Also, \(\angle{AOD}\) = \(\angle{AOB}\) = \(\angle{COD}\) = \(\angle{BOC}\) = \(90^\circ\).

To prove: ABCD is a rhombus.

Proof: In \(\triangle{OAB}\) and \(\triangle{ODC}\), we have,

OA = OC and OB = OD ...(given)

\(\angle{AOB}\) = \(\angle{COD}\) ...(vertically opposite angles)

Therefore, \(\triangle{OAB}\) \(\displaystyle \cong \) \(\triangle{OCD}\) ...(By SAS rule)

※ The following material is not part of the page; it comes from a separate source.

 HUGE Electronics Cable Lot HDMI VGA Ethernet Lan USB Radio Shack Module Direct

Thus, AB = CD ...(i)(By CPCT)

Similarly, in \(\triangle{OAD}\) and \(\triangle{OBC}\), we have,

OA = OC and OD = OB ...(given)

\(\angle{AOD}\) = \(\angle{BOC}\) ...(vertically opposite angles)

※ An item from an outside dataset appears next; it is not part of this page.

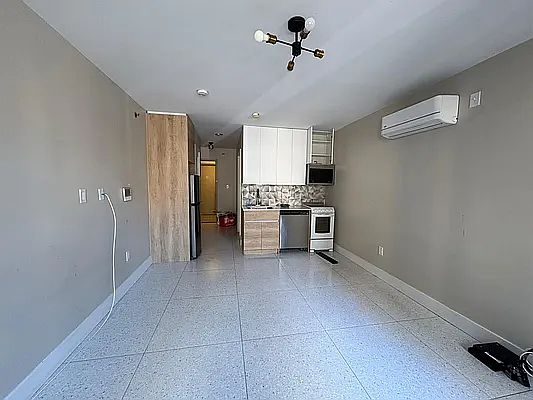 4th image of 1669 E 19th St #3A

Therefore, \(\triangle{OAD}\) \(\displaystyle \cong \) \(\triangle{OCB}\) ...(By SAS rule)

Thus, AD = BC ...(ii)(By CPCT)

Similarly, we can prove that,

AB = CD and

CD = BC ...(iii)

Hence, from (i), (ii) and (iii), we get,

AB = BC = AD = CD

Hence, it is proved that ABCD is a rhombus.

4. Show that the diagonals of a square are equal and bisect each other at right angles.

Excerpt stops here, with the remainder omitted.